As I left the warm cocoon of my home, middle school, high school, and college taught me that my happily equal house was an outlier. I, as well as the rest of my gender, have had to battle preconceptions that have supported the conclusion that the feminine require the authority and superiority of the other sex.
But, as I look towards my coming marriage, I begin to consider the children we'll have, God-willing. I think of my darling little niece and the gender biases she'll face if she decides to be an engineer or a computer programmer or the ones she'll face even if she doesn't choose a male dominated field.
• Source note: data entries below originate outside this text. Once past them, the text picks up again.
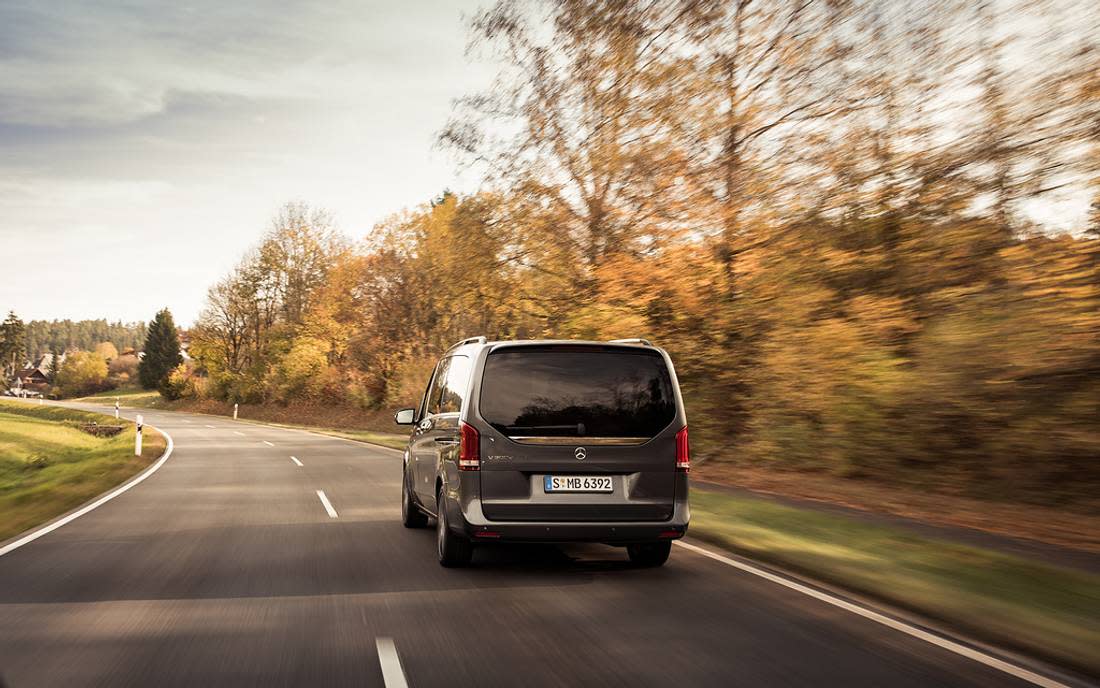 42DxF3KycjjNUmuPdcsUPg-b9ca151edb47e001961cac54d9166672-Mercedes-Benz-V-Klasse-Back-1100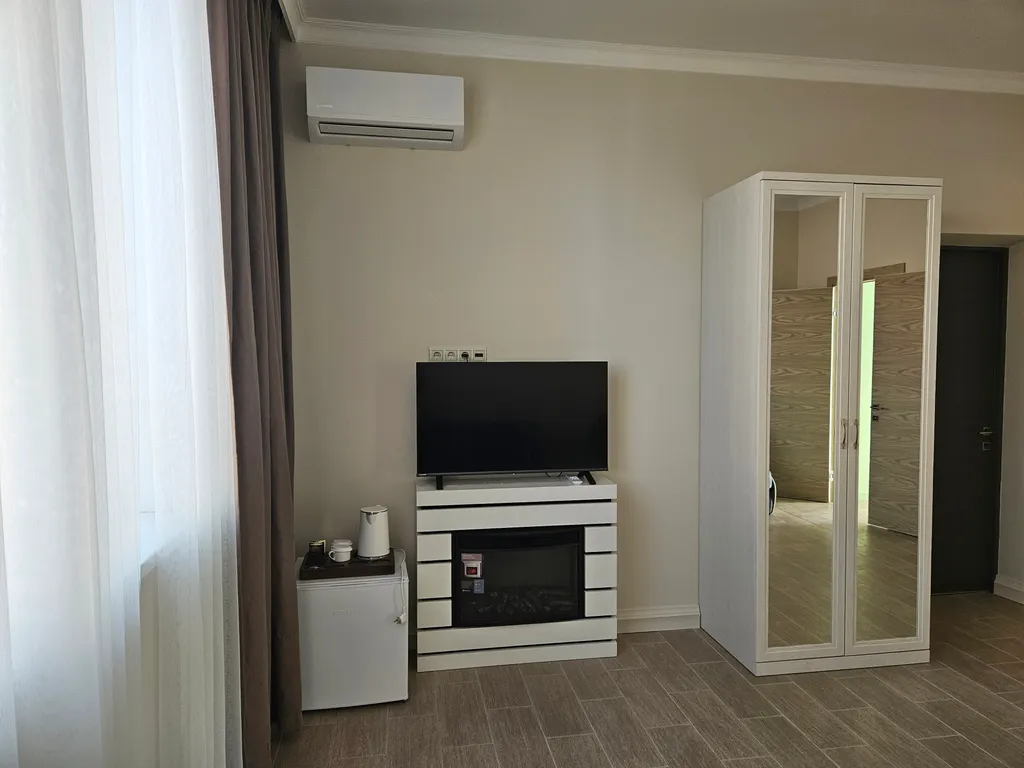 Люкс с балконом и видом на море в отеле Атлас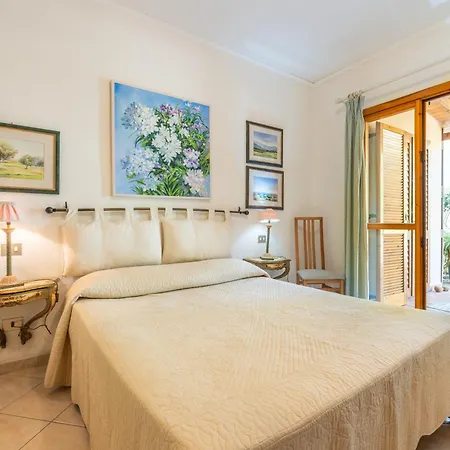 Holiday home Villino Iris 8 Golf Is Molas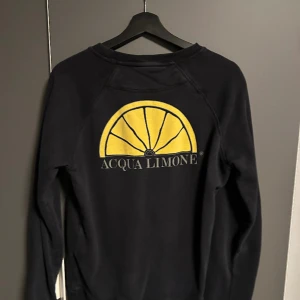 Aqua limone tröja - Säljer en fin aqua limone tröja som är använd några fåtal gånger. Storlek SMALL. Hör av er vid frågor.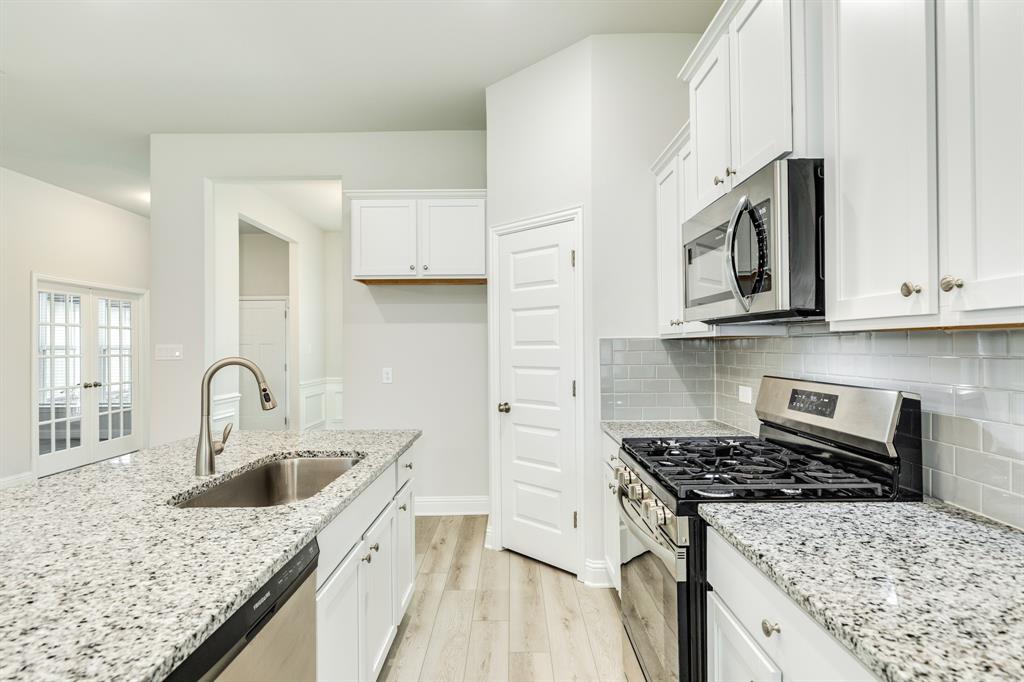 608 Greystone Lane, Angleton, Texas image 24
She will be forced to go toe-to-toe with those who will call her the 'weaker' sex, those who will try to impose their own will on her because of her femininity, and she, with all of her fire, will struggle beneath generations of systemic oppression.
My prayer for her and any other nieces, daughters, or granddaughters I might one day have, is this: That all of their fierceness and tenderness, given by God, would keep them from faltering beneath this crushing weight.
My prayer for our generation of women is this: that we might pave the way for these younger girls to become strong women, when society proclaims so many falsehoods about our women who choose to resist. It is a broken woman who insists that women should overpower the male, just as it is a broken man that imposes his will on those he is intended to support and cherish.
I must also consider my dear little nephews, gentle, sweet, and not imbued with any of the social misconceptions about women. I will watch them grow into fine young men, guided by loving parents who understand equality, and I will watch them defend this equality for their sisters and cousins. This is what a strong man looks like; someone unafraid to challenge their own superior social position in order to defend what is right.
For that reason, I say the future isn't female; the future is for equality. Yes, I recognize that 'the future is female' isn't intended to degrade men, but look at that syntax. It seems possible that the very words we intend to use to promote our equality are perhaps attacking the opposite sex in the same way that we women have been for the majority of recent history.
Is it not our responsibility to be, not petty girls, intent on revenge, but strong women, intent on equality? If we perpetrate the same atrocious attitudes that we have been subject to, then we are truly not mature women.
So please, as much as the oppression we face wounds us, more than words can say, let's be women capable of the strength necessary to forgive and better our whole world, not plunge it into another era of gender division and oppression.